*** Opening RECORDS FOR THE TASK ***
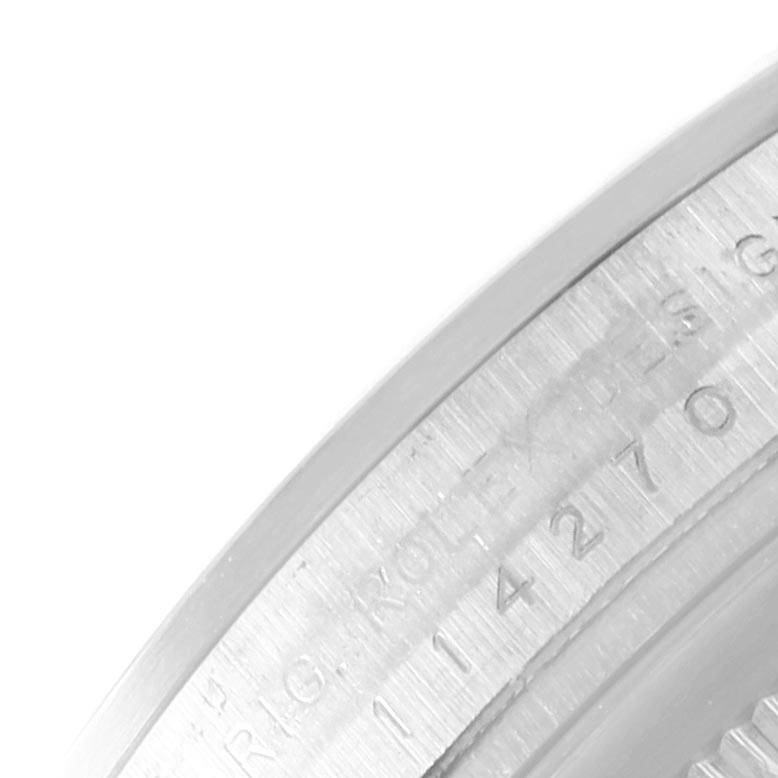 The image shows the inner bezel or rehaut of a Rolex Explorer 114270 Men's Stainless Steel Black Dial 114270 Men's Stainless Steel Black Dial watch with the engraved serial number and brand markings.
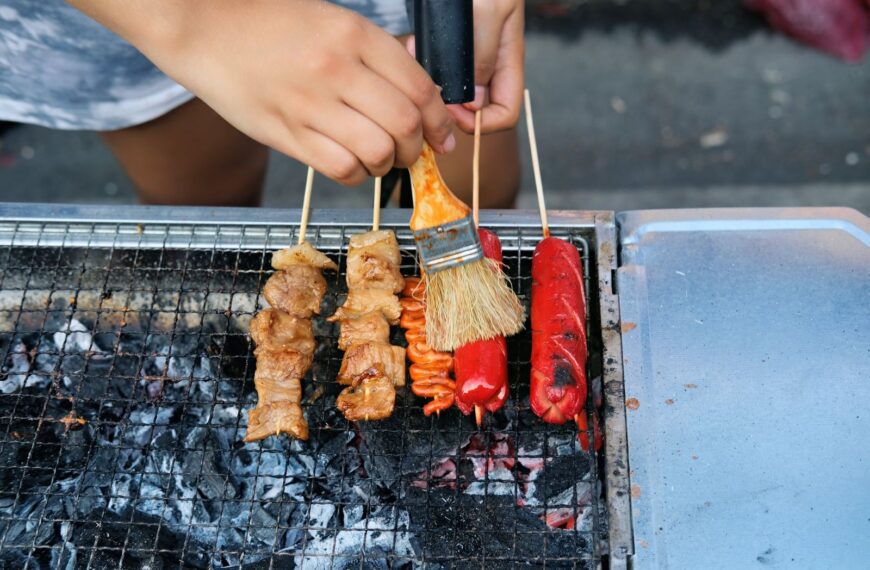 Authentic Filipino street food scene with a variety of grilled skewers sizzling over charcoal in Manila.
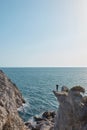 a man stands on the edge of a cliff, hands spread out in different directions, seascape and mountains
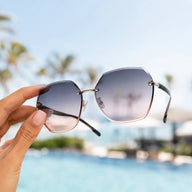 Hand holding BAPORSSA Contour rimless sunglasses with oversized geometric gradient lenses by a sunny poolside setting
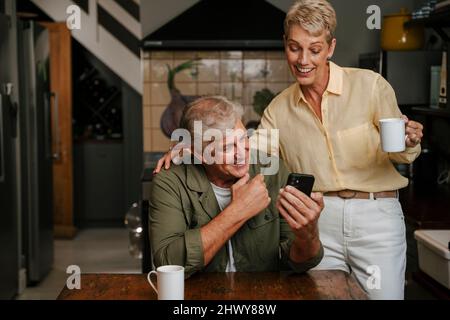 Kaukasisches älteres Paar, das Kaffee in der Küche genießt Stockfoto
*** Closing RECORDS FOR THE TASK ***
Only one thing is required here: an exact copy of the lines from the one bearing "Hand holding BAPORSSA" through the final line above, both included, with pictures left out.

*WORKED SOLUTION:*
 Hand holding BAPORSSA Contour rimless sunglasses with oversized geometric gradient lenses by a sunny poolside setting
 Kaukasisches älteres Paar, das Kaffee in der Küche genießt Stockfoto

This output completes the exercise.